Au rythme des coups de canne sur le sol, elle devine qu’Anatole se précipite à son chevet, inquiet :
— Que s’est-il passé ? Elle va bien ? Par l’æther, elle est livide !
Ils lui font un résumé des récents évènements. Il lui faut un peu de temps pour digérer le fait qu’Arsène Lupin soit l’alter ego de sa sœur, mais il met sa surprise et sa désapprobation de côté pour le moment. Il lui passera un savon en bonne et due forme quand elle aura repris des forces à n’en point douter.
— Tout le sang prélevé à Mère m’a été injecté, mais je suis prêt à lui donner le mien si cela peut l’aider.
— Non, Anatole ! intervient Raoul fermement. Tu viens tout juste de recevoir une transfusion, ce ne serait pas raisonnable. De plus, comme c’est votre mère qui a donné le sang en question, on ne peut pas non plus lui en prélever davantage sans l’affaiblir dangereusement. Ce n’est pas ce que souhaiterait ta sœur.
« Il ne manquerait plus que ça ! » songe-t-elle. Comme si elle ne s’en voulait pas déjà assez. Elle apprécie à sa juste valeur l’amitié de Raoul qui la connait si bien. Elle note de lui offrir une dizaine de vestons. Au moins !
— Alors je vais chercher notre père, annonce Anatole, déterminé.

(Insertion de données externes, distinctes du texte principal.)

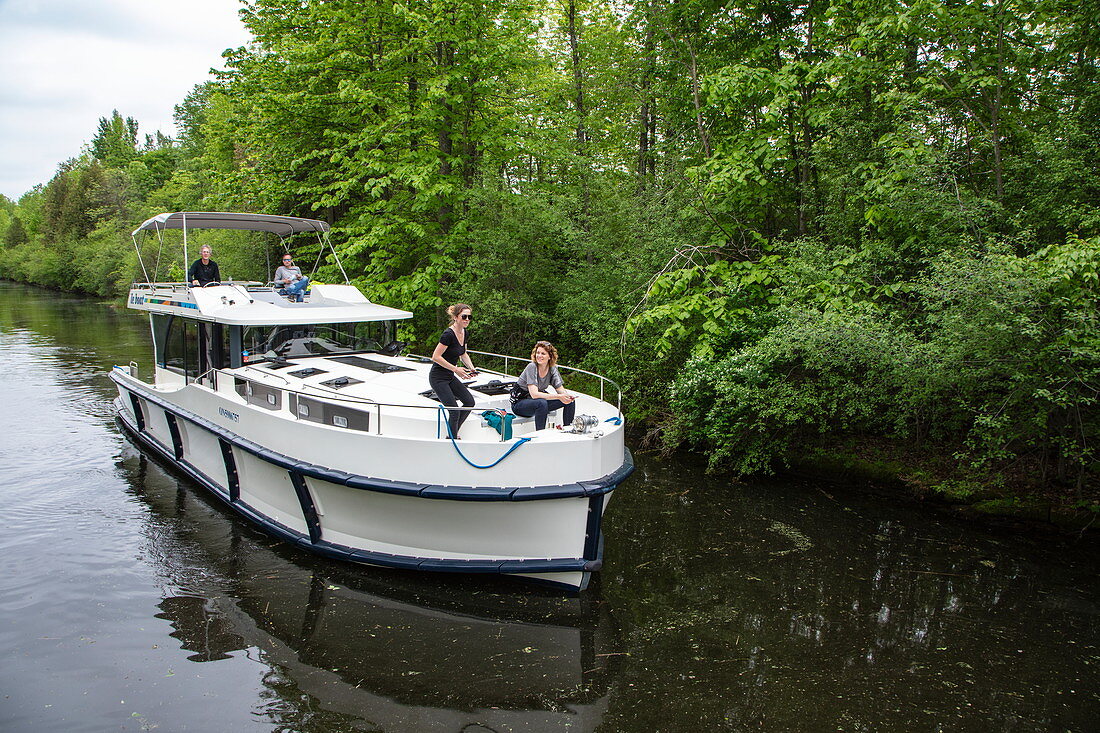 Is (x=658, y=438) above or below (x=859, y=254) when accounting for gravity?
below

— Lequel ? marmonne Félix ente ses dents.
Raoul lui assène un coup de coude et se tourne vers Anatole :
— Fais-le venir uniquement s’il est O négatif. Inutile de dévoiler les secrets d’Héloïse sans une bonne raison.
Héloïse est touchée par la discrétion de son ami et l’en remercie silencieusement. Ce sera une vingtaine de vestons. Une lueur d’espoir brille dans son cœur, telle la flamme d’une bougie vacillante dans l’obscurité. Peut-être que cette épreuve sera surmontée, sans avoir à révéler son secret au monde entier. Si seulement elle arrivait à ouvrir les yeux, leur faire un signe…
— Au fait, votre plaisanterie était du plus mauvais goût ! Ce n’est pas parce que j’étais alité que je souhaitais perdre mon temps ! dit Anatole avant de claquer la porte.
Elle se sent voguer entre les limbes de la conscience et l’abîme du sommeil, ses pensées entravées par une brume épaisse. L’écho lointain des voix de Raoul et Félix parviennent à ses oreilles, leur conversation prenant un tour inattendu.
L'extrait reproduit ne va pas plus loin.